__Assigned task__. Your answer should be the entries below, reproduced character for character.

Saved data entries
"""

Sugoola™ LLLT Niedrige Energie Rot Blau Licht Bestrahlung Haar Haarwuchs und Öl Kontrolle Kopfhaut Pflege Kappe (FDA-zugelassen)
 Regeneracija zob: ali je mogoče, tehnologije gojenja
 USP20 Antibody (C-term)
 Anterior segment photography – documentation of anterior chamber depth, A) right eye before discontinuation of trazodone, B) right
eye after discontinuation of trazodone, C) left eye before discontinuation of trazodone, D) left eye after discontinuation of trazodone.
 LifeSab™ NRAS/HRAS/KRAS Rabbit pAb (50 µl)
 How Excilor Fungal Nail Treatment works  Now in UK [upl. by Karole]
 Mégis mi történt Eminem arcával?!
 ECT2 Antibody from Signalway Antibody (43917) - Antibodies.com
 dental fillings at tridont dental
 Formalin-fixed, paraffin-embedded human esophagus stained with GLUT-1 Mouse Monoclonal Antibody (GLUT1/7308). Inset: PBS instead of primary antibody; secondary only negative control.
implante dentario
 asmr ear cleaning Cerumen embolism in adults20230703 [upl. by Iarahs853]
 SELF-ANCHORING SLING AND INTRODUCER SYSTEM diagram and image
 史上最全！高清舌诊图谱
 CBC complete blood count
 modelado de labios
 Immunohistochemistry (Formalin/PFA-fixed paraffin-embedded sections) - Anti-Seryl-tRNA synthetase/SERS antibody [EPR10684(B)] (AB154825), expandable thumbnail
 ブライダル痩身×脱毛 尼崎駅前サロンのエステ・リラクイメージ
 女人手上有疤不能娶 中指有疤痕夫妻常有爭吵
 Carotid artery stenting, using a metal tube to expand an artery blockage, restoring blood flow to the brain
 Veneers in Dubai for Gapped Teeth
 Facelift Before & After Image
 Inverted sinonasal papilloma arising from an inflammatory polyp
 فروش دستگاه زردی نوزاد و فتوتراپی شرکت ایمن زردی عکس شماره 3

"""

__Final answer__.
Sugoola™ LLLT Niedrige Energie Rot Blau Licht Bestrahlung Haar Haarwuchs und Öl Kontrolle Kopfhaut Pflege Kappe (FDA-zugelassen)
 Regeneracija zob: ali je mogoče, tehnologije gojenja
 USP20 Antibody (C-term)
 Anterior segment photography – documentation of anterior chamber depth, A) right eye before discontinuation of trazodone, B) right
eye after discontinuation of trazodone, C) left eye before discontinuation of trazodone, D) left eye after discontinuation of trazodone.
 LifeSab™ NRAS/HRAS/KRAS Rabbit pAb (50 µl)
 How Excilor Fungal Nail Treatment works  Now in UK [upl. by Karole]
 Mégis mi történt Eminem arcával?!
 ECT2 Antibody from Signalway Antibody (43917) - Antibodies.com
 dental fillings at tridont dental
 Formalin-fixed, paraffin-embedded human esophagus stained with GLUT-1 Mouse Monoclonal Antibody (GLUT1/7308). Inset: PBS instead of primary antibody; secondary only negative control.
implante dentario
 asmr ear cleaning Cerumen embolism in adults20230703 [upl. by Iarahs853]
 SELF-ANCHORING SLING AND INTRODUCER SYSTEM diagram and image
 史上最全！高清舌诊图谱
 CBC complete blood count
 modelado de labios
 Immunohistochemistry (Formalin/PFA-fixed paraffin-embedded sections) - Anti-Seryl-tRNA synthetase/SERS antibody [EPR10684(B)] (AB154825), expandable thumbnail
 ブライダル痩身×脱毛 尼崎駅前サロンのエステ・リラクイメージ
 女人手上有疤不能娶 中指有疤痕夫妻常有爭吵
 Carotid artery stenting, using a metal tube to expand an artery blockage, restoring blood flow to the brain
 Veneers in Dubai for Gapped Teeth
 Facelift Before & After Image
 Inverted sinonasal papilloma arising from an inflammatory polyp
 فروش دستگاه زردی نوزاد و فتوتراپی شرکت ایمن زردی عکس شماره 3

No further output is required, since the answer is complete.